I can't stand my mom. She just doesn't get anything anymore. She lives in a different state. She wants us to come visit but she doesn't understand how much it cost to travel now a days. She thinks just because we have more money than her we should be able to come just becuase she wants us to. ( my hubby works hard and dose lots of over time and we still live paycheck to paycheck most of the time and are finally starting to build a ok savings. She lives off child support and food stamps and in income based housing. So she doesn't even under stand the cost of living anymore either.) she feels as if I am keeping the kids from her. Which I'm not. If we where going other places then I could u dyer stand her saying that. But we have never gone on a vacation to anywhere. We didn't even go on a honeymoon. She is mad at me and always starts a fight when she calls. I don't even want to answer the phone anymore. She think that I should have come up a few months ago becuase my mamas died and left me $1000. But instead of spending it all at once I used it for getting the kids thier winter clothes paying bills and buying food.
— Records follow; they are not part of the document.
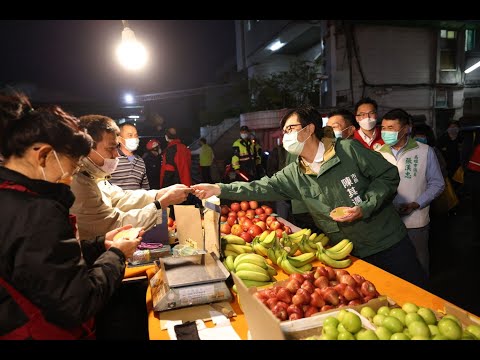 陳其邁清晨至果菜市場向民眾拜年 關心農產品批發市場情形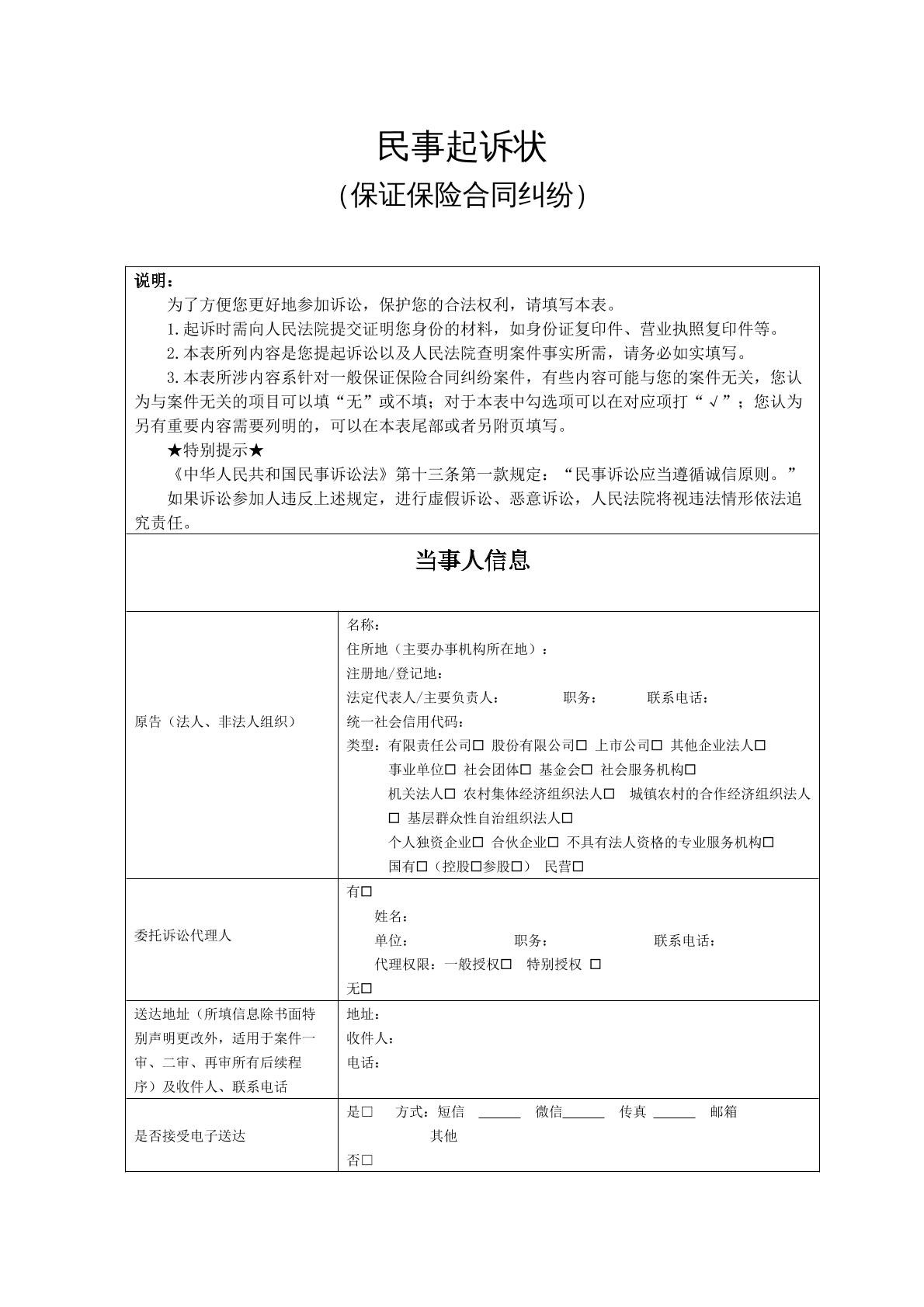 保险合同纠纷起诉状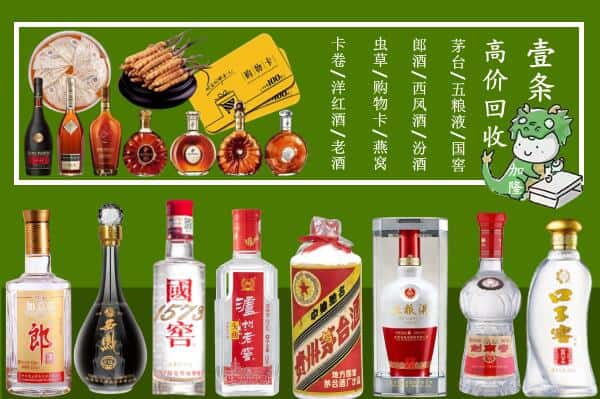 商丘宁陵县回收名酒哪家好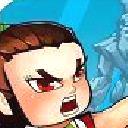 葫芦娃热血战争无限元宝版 v1.0
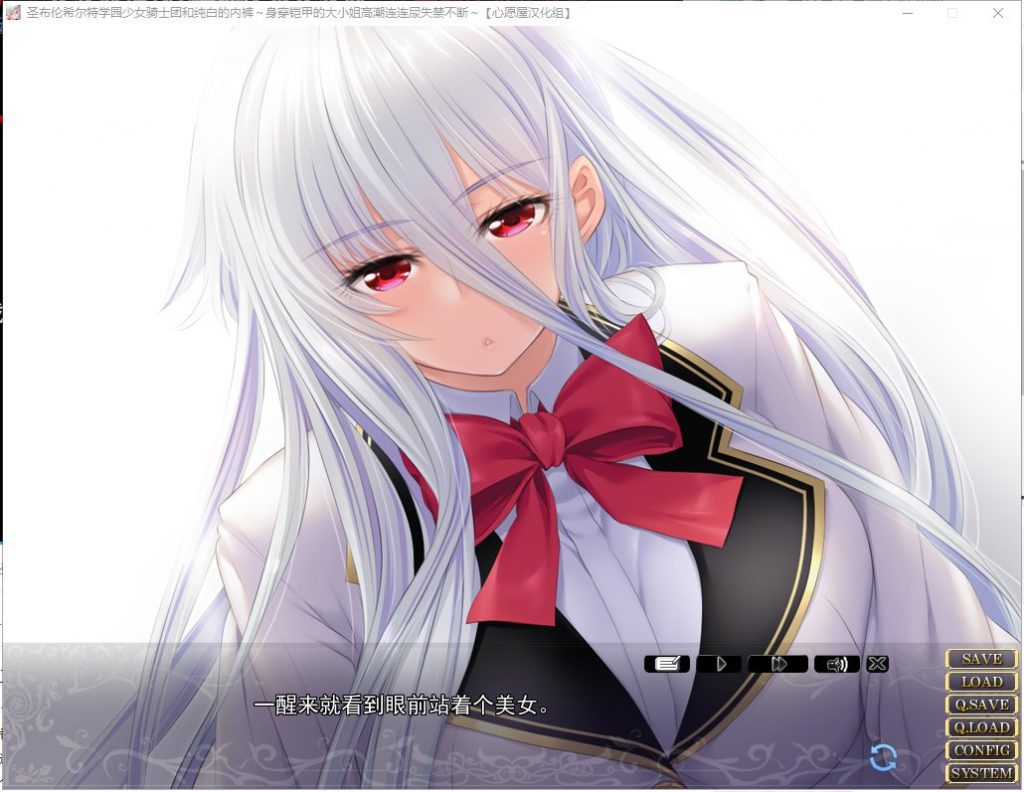 【拔作ADV/汉化】圣布伦希尔特学园少女骑士团和纯白的胖次 汉化硬盘版 付动画【新汉化/3G】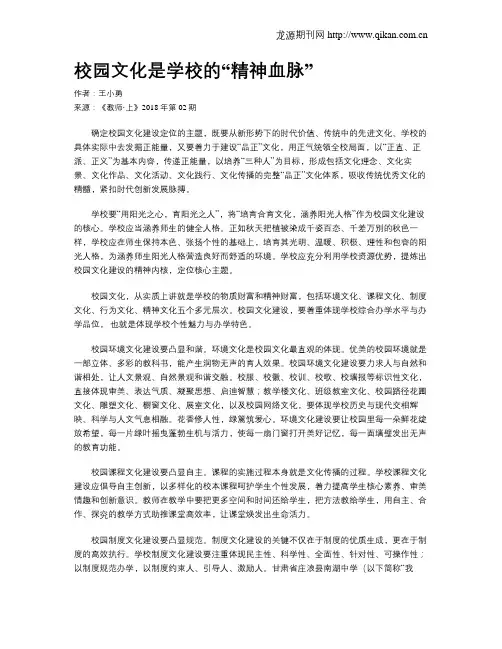 校园文化是学校的“精神血脉”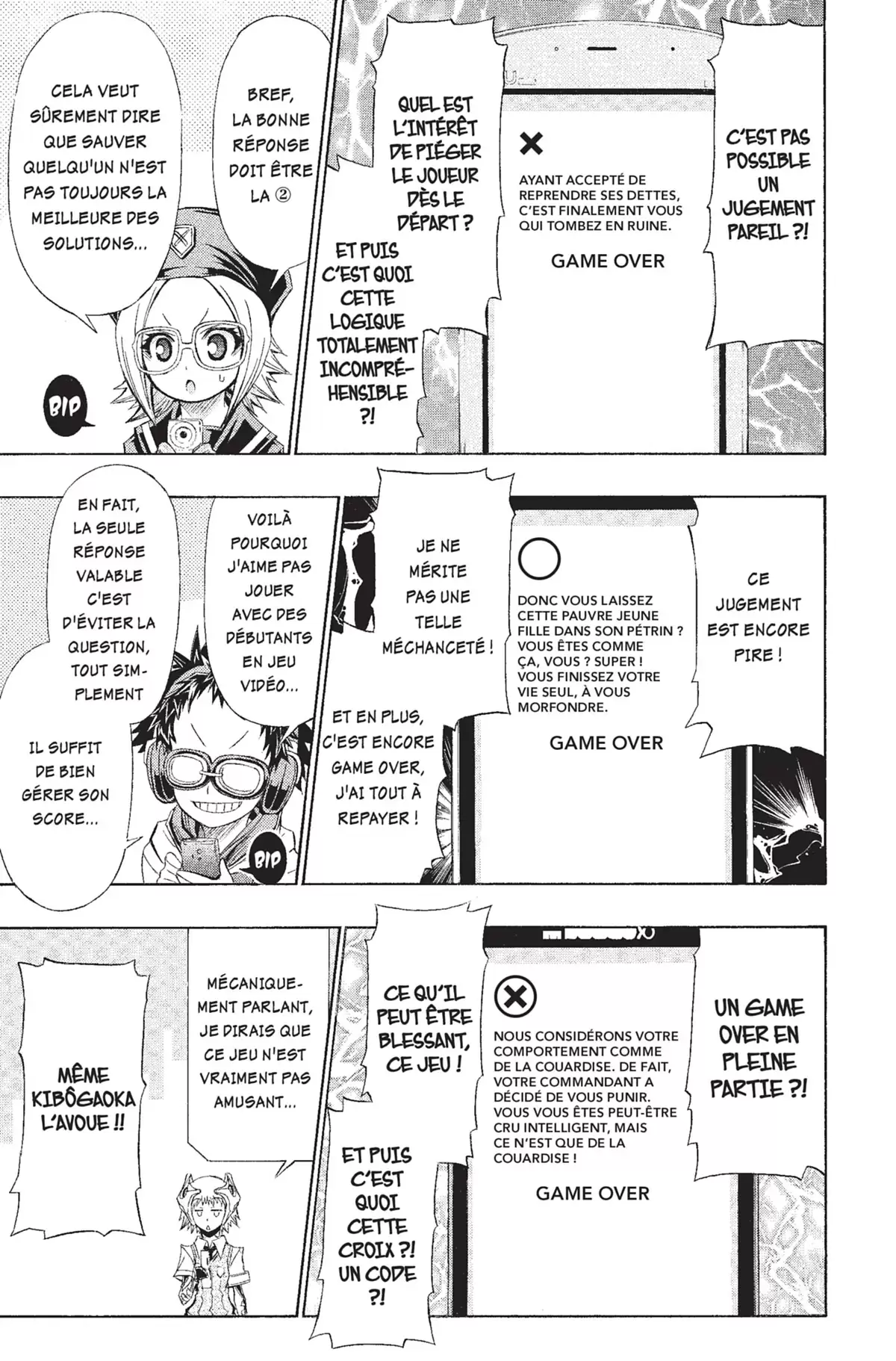 Médaka Box Volume 16 page 32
But when she got her half of her exes tax return she did not want to save any of it she wanted to spend it all at once. I just don't know what to do anymore.
I have. She just say well you need to understand how I feel. I know she want to see me and the kids. But she chooses not to work so she has no money. And we just don't have the money. I told if we had we would come. But that right now we don't. She has told me before we should borrow the money from my in laws or ask them to do this for us as a Christmas present. And we are not going to do that. First because we don't like borrowing money second we don't have the right to ask them to give us $1000 for Christmas. They don't even buy us gifts they just give us stuff that they got for free. I feel she is shellfish.
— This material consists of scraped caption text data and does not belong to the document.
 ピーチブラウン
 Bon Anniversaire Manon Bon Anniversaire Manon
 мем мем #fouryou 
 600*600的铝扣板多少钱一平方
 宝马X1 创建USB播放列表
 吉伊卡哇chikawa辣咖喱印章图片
Then just don't go. Heck change your number and remove her from your life.
Well we aren't going. But I can't just cut her put of my life she is depressed and has sounded before like she might kill herself and my younger brother still lives at home as he is only 15. I need to be able to stay in touch with him.
is she far far away or can you rent a car and drive, I would not say cut her out I mean she is your mom and misses you guys and I understand not having the money but it must be hard on her too especly if you guys use to see eachother all the time. I know if i were to move out of state my mom would do the same to me but i would not get pissy about it she is getting on in age so I expect her to act that way.